Até segunda-feira (18) o preço do litro da gasolina comum, que continua a subir, está com média de 162,1 ienes, o maior dos últimos 7 anos. O preço vem subindo por seis semanas consecutivas e até agora nenhum sinal de parada foi visto. Ao contrário, prevê-se que pode chegar a 170 ienes. 

Esse preço afeta também quem gosta de viajar de carro ou motocicleta, como é o caso de um japonês que está dando volta no Japão.

“Cheguei a pagar 170 ienes por litro em um posto de gasolina na província de Nagano.

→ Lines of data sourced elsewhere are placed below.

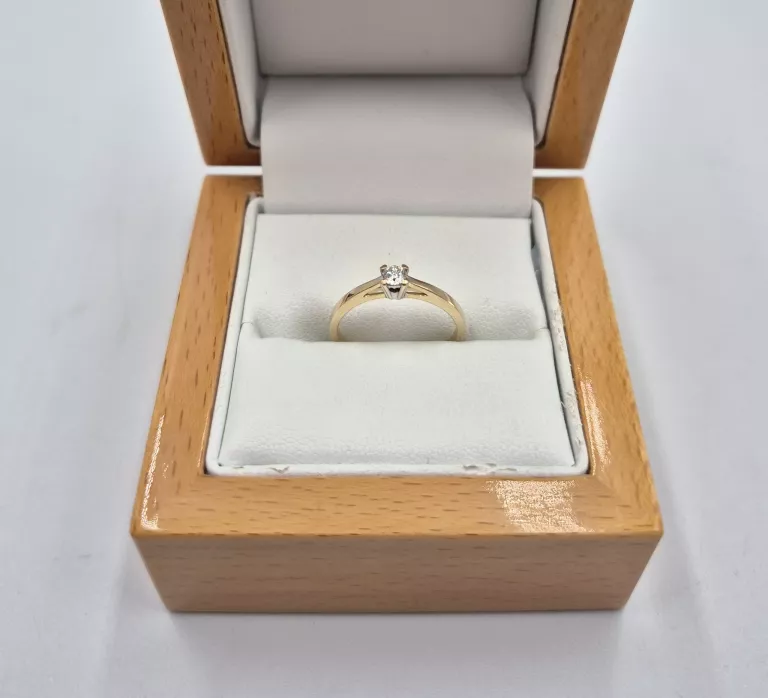 ZŁOTY PIERŚCIONEK 585 1,68G 1X BRYLANT 0,10 CT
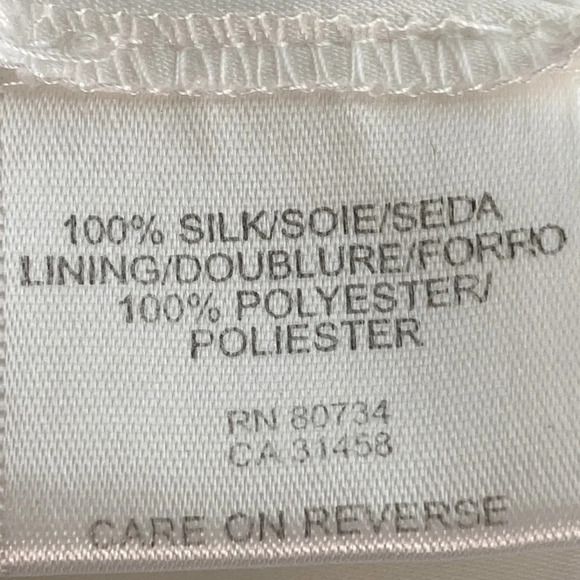 BCBGMaxAzria Green White Floral 100% Silk Strapless Maxi Dress Size 6 - Picture 8 of 10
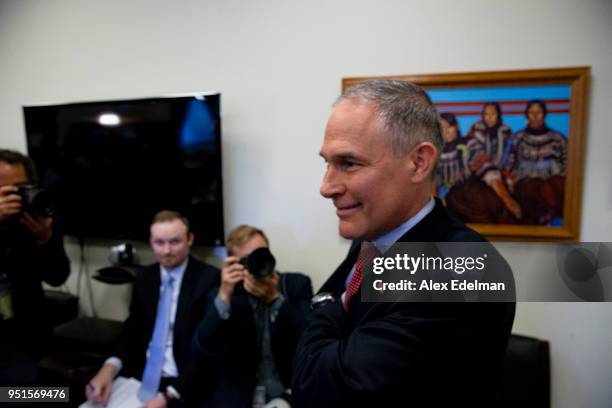 Administrator Scott Pruitt enters the hearing room prior to his testimony before the House Appropriations Committee during a hearing on the 2019...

Então abasteci apenas mil ienes e procuro um lugar mais barato”, disse o motociclista abordado em um camping em Yamanashi, no domingo. 

Além disso, as pessoas que têm a pesca como hobby lamentam ter que desembolsar mais para ir a alto mar, pois os barcos consomem muito mais gasolina do que um carro. 

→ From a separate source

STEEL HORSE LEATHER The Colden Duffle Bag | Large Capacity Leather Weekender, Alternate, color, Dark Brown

Estufa dos morangos tem custo de 150% a mais do que no ano passado

Equipamento para manter a temperatura da estufa de cultivo dos morangos (ANN)

Takashi Yamada, dono do Aikawa Strawberry House, cultivador de morangos, explicou que a estufa de 1,5 mil metros quadrados tem que ser mantida a uma temperatura de 10ºC.

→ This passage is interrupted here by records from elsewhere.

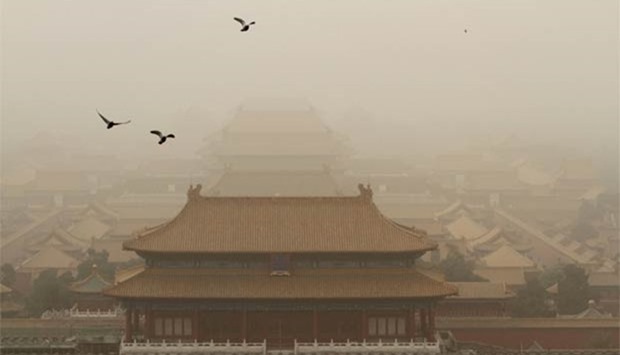 The Forbidden City is shrouded in a dust storm in Beijing on Thursday.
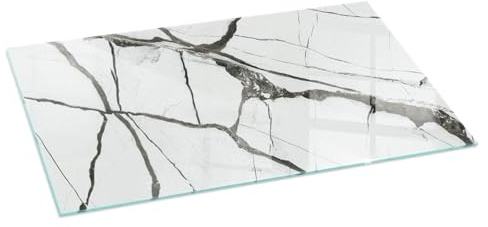 Patterned Glass Fireplace Floor Guard | Toughened Hearth Plate | Heat Resistant Stove Base Protector | Decorative Spark Protection Panel - 100x50cm (39.4×19.7 inch) - Marble vein pattern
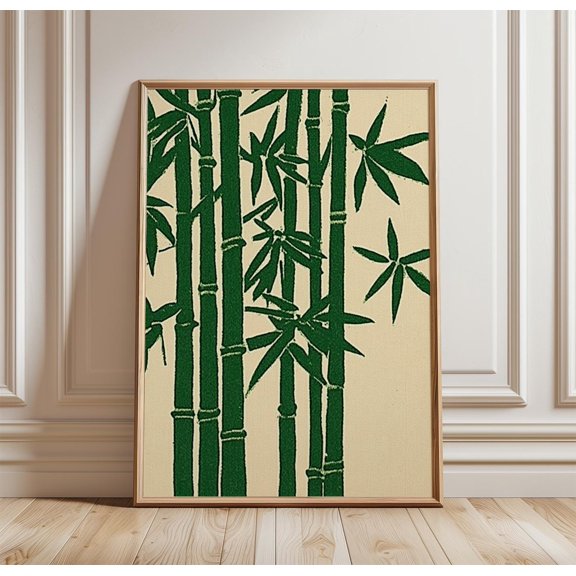 Bamboo Poster Japanese Wall Art Print Minimalist Nature Illustration Zen Botanical Decor G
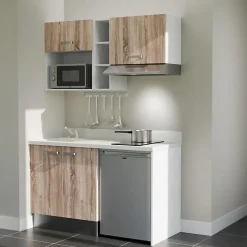 Kitchenette K13 - 140 cm - façades Bois - Plan monobloc en quartz coloris Snova évier à gauche - Electroménager Inox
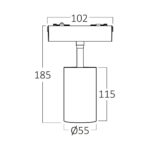 Σποτ Led Μαγνητικής Ράγας slim 18W 4000K Μαύρο – BD61-10311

Por isso, se a quantidade de óleo pesado usada no aquecedor for a mesma do ano passado, o custo será cerca de 1,5 vezes maior, o que afeta seu lucro, pois ainda não sabe se poderá repassar aumentando o preço ao consumidor.

“Não é algo que posso economizar, pois a temperatura tem que ser mantida”, lamenta o fruticultor que começa as entregas antes do Natal, para os bolos e tortas.

Querosene mais cara dos últimos 3 anos

Aquecedor a querosene da Corona (Amazon)

Além disso, o país passa por um período de onda de frio e nas províncias ao norte, as pessoas já começaram a usar o aquecedor a querosene. Um galão de 18 litros está custando em média 1,7 mil ienes em Fukushima. 

Em Iwate o litro da querosene está custando em média 102 ienes, com aumento de ¥27 em relação ao mesmo período do ano passado. Por um galão se desembolsa ¥1.836. É a primeira vez em três anos desde 2018 que o preço excede 100 ienes nesta época.